Two updates in as many days…. you can tell I’m procrastinating, can’t you?

i think I’m finally get bored of *procrastination*.. it’s getting that bad. I’m now deciding to read my textbook as a break from checking my email for the 40th time.
I don’t know why it is that I hate study so much…. but the idea just makes me want to run for cover! I have to keep reminding myself that if I pass this semester, it will be the last time I have to do a full-time semester!


One thing that keeps me going however is the thought that when this is over I will get to spend two weeks on a hot dusty airfield in Leeton. I’m flying the DG-300 again this year, but getting some practice in it will prove to be a little hassle. I have flown perhaps twice in the past 6 months, including my annual check, so hopefully I’ll still be current for when I want to get some practice in! I’ve also had to really schmoozle work a few times because they keep forgetting to give me the time off. They’ve started my full-time contract on Dec 3 , which is also the time I plan to go to competition.

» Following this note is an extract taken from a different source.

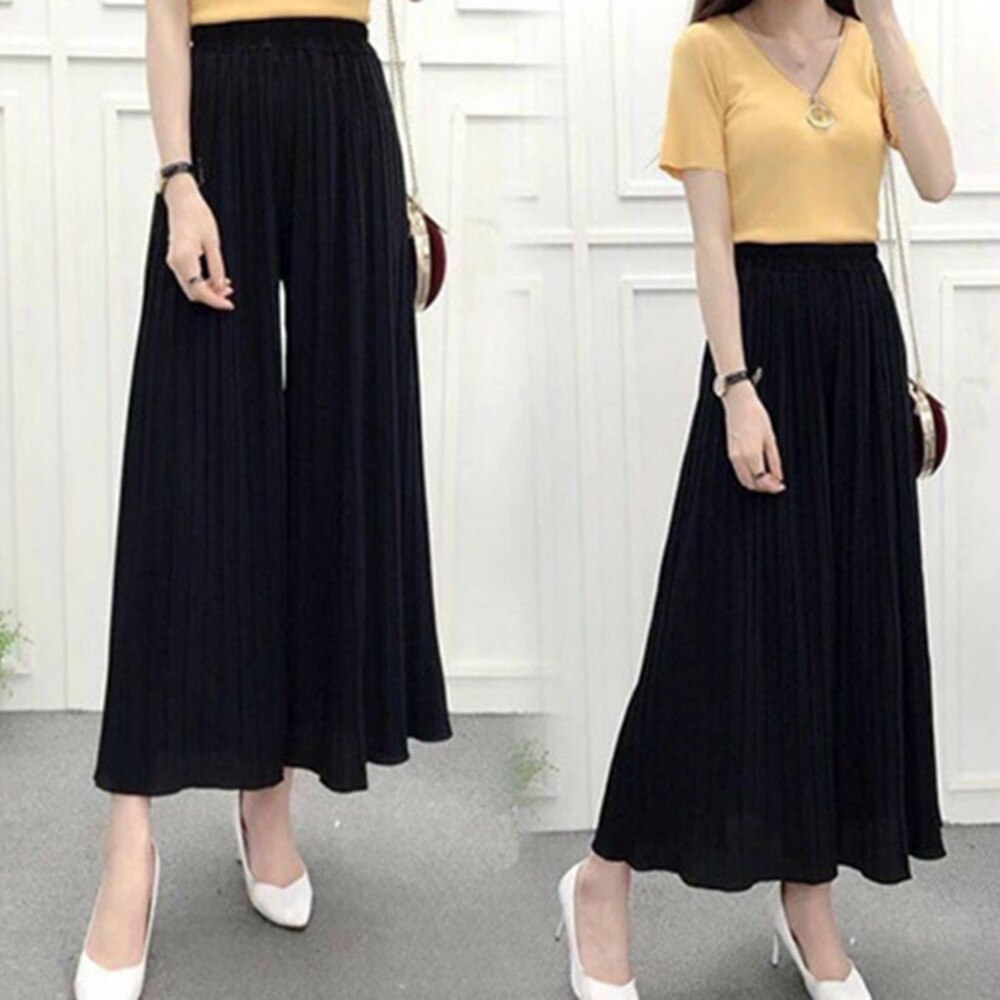 Solid Color Loose Casual Ankle-Length Pants for Women - Comfortable Stretchy Lounge Pants for Yoga, Travel & Everyday Wear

I’m also busy saving all the money together for the competition. The club requires $500 deposit which is still only half the insurance excess should I prang it. Then there’s at least another $1200 for the competition itself, not including the $200 entry fee I’ve already paid. Why is it that I have to choose some of the most expensive hobbies? It’s worth it though… I doubt I’ll have a chance at winning, but I will definately enjoy the break from the city, and spend a few hours cooling off at 10,000′ (it’s actually quite cold up there! Best place to be on a 45 deg. day).

it’s going to be an interesting year this year, especially after I earnt myself a reputation last year. I’m sure I will have fun though!